Exclude a specific scan using regexp in BIDS filter file?

A collaborator has recently sent us a BIDS dataset with 3 diffusion series. Unfortunately, we cannot process the third, due to reduced FOV:

  1. sub-01_dwi.nii.gz
  2. sub-01_acq-single_dwi.nii.gz
  3. sub-01_acq-multib1000b2000_dwi.nii.gz

I would like to keep all 3 in the raw bids dataset, but exclude the 3rd scan from processing (QSIprep).

I have tried the following BIDS filter files, but they either fail to exclude the 3rd dataset or select only the second. How might I improve these to only select the 1st and 2nd series, specifically with regex (still new to regex)?

Thought a negative lookahead would work here. Selected all 3 series.

{
    "dwi": {
        "acquisition": (?!multib1000b2000),
        "regex_search": "true"
    }   
} 

Thought including "single" and null for acquisition would select 1 and 2. Only selected 2.

{
    "dwi": {
        "acquisition": ["single", null]
    }   
} 

You can try adding */dwi/*multi* to a .bidsignore file, assuming all the files you want to ignore have “multi” in them exclusively.

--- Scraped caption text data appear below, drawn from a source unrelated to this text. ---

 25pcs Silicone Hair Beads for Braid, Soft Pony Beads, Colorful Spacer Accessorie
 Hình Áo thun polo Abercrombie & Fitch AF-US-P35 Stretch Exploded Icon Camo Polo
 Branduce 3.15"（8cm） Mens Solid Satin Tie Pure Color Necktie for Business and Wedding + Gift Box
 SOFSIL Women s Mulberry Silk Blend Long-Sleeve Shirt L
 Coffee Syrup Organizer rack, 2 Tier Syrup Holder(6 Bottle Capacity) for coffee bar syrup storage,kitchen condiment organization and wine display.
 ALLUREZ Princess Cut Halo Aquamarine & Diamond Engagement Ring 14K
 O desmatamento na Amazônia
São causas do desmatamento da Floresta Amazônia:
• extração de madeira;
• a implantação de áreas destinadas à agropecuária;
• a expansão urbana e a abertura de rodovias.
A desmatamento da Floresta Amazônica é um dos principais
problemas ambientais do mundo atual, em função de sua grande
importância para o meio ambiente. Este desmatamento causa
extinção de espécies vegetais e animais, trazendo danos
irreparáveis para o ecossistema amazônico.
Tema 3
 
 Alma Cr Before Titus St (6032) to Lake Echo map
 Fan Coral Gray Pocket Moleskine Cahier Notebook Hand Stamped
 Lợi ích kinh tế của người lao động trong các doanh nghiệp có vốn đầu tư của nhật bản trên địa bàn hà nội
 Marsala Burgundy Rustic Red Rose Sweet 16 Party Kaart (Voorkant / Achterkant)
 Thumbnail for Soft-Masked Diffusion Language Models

Sadly, this seems to only affect the BIDS validator. QSIprep still reads in the *multi* acquisition.

  1. Download pybids
  2. Create a pybids database: pybids layout <bids_root> <database_dir> --no-validate --index-metadata , making sure that the .bidsignore from before that instructs to ignore those multi scans is still present
  3. Pass the database_dir into QSIPrep with the --bids-database-dir argument

Unfortunately, the pybids database option did not exclude the *multi* file.

.bidsignore:

*/dwi/*multi*

pybids call:

pybids layout /home/user/BIDS/ \
    /home/user/BIDSdb/ \
    --no-validate --index-metadata

qsiprep was called using the --bids-database-dir option:

singularity run /home/user/Images/qsiprep_0.14.3.sif \
    /home/user/BIDS/ \
    /home/user/BIDS/derivatives \
    participant --participant-label sub-01 \
    --bids-filter-file /home/user/BIDS/code/filters/bids_filter.json \
    --bids-database-dir /home/user/BIDSdb/ \
    --output_resolution 1.7

Might there be an issue with where I saved the sqlite database generated?

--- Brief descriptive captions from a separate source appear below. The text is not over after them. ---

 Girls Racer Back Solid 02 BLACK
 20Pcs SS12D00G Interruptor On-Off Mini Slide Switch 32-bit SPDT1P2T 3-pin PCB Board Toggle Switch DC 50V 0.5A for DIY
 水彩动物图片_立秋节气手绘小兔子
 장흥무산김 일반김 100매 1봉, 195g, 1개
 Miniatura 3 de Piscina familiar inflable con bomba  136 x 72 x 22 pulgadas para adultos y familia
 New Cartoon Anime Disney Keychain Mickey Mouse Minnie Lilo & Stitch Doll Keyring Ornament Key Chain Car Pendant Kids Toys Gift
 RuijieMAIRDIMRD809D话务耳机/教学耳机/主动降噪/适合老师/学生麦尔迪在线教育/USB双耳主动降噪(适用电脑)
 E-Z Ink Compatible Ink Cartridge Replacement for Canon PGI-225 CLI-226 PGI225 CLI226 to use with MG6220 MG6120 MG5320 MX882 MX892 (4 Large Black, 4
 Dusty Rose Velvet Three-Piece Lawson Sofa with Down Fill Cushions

I’m not totally sure why those files aren’t being excluded, but I can tell you how I’d go about solving this problem.

In our group we typically process each subject on their own and combine the results after all the subjects have finished. The BIDS data exists somewhere on a network drive, then when a job is sent out to the scheduler, it copies a single subject to a local scratch directory and runs qsiprep on the local copy. If you do something like this, you can just delete the *multi* scans from your local BIDS copy before you run qsiprep. This also avoids the huge time drain of letting pybids index everything at the beginning because qsiprep will see a BIDS input with a single subject.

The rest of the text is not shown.